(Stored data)
_ _ _ _

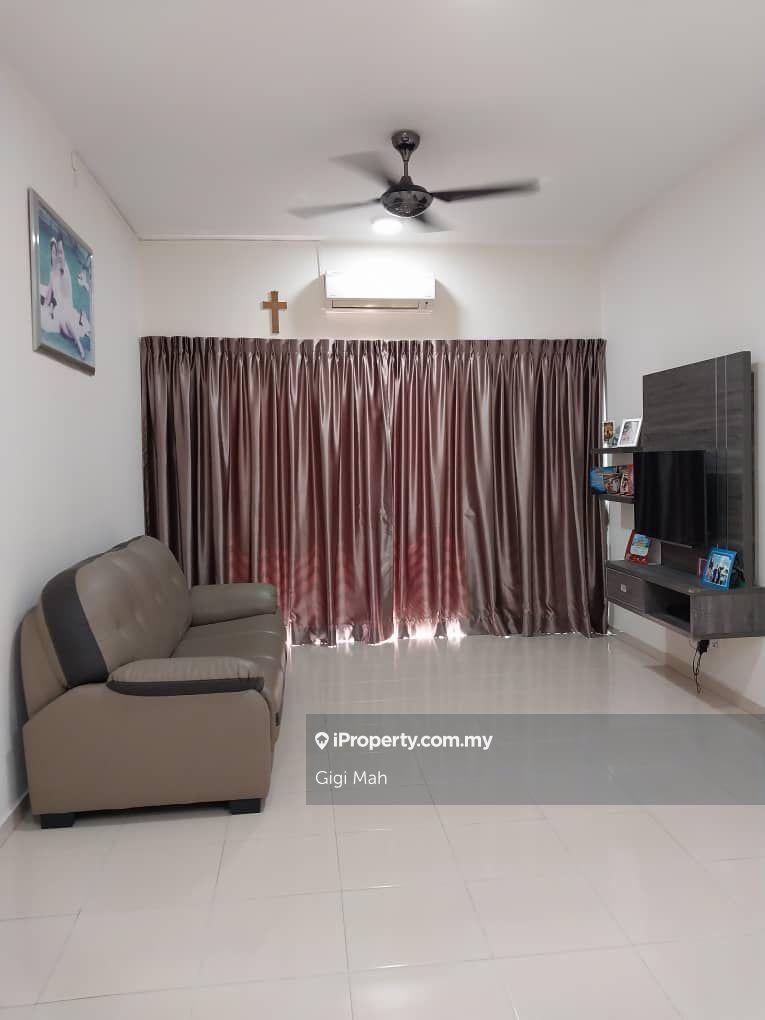 Bandar Mahkota Cheras @ The i Residence Condo for Sale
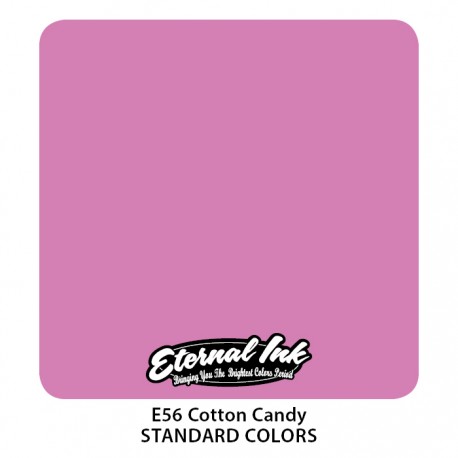 Eternal Ink - Cotton Candy 30ml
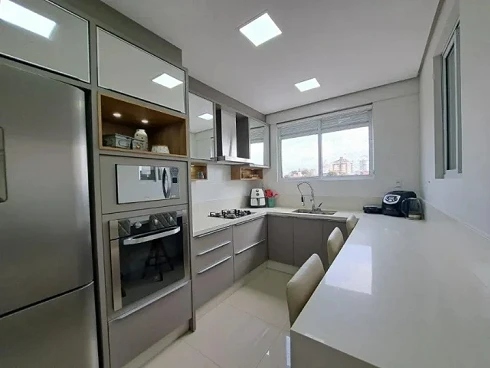 Apartamento em Estreito, Florianópolis
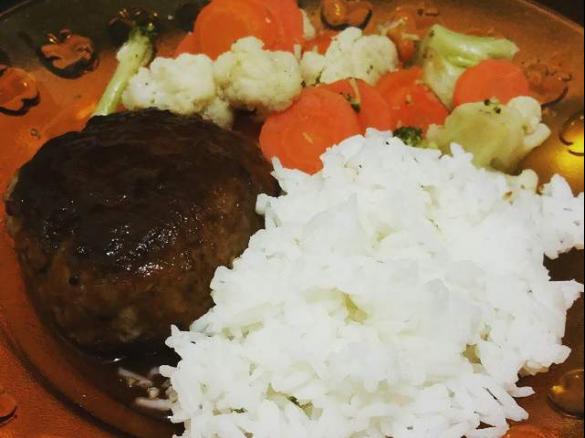 Japanese Hamburger Recipe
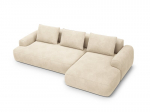 Mink&scaron;tas kampas su miegojimo funkcija Micadoni Home Calma, Light Beige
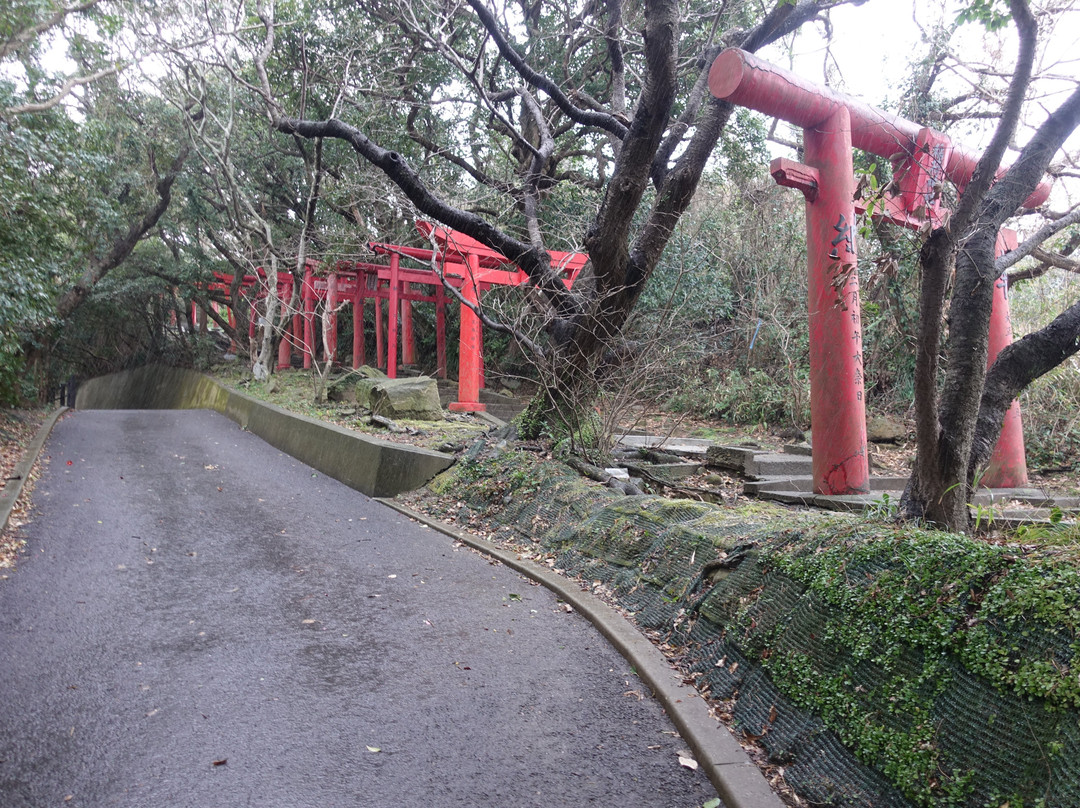 Tomioka Castle-苓北町必去景点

_ _ _ _

WORK REQUIRED. Leave the pictures aside and transcribe only the lines from the one holding "Eternal Ink - Cotton Candy 30ml" through the final line of the records above.

SOLUTION FOR THIS TASK.
 Eternal Ink - Cotton Candy 30ml
 Apartamento em Estreito, Florianópolis
 Japanese Hamburger Recipe
 Mink&scaron;tas kampas su miegojimo funkcija Micadoni Home Calma, Light Beige
 Tomioka Castle-苓北町必去景点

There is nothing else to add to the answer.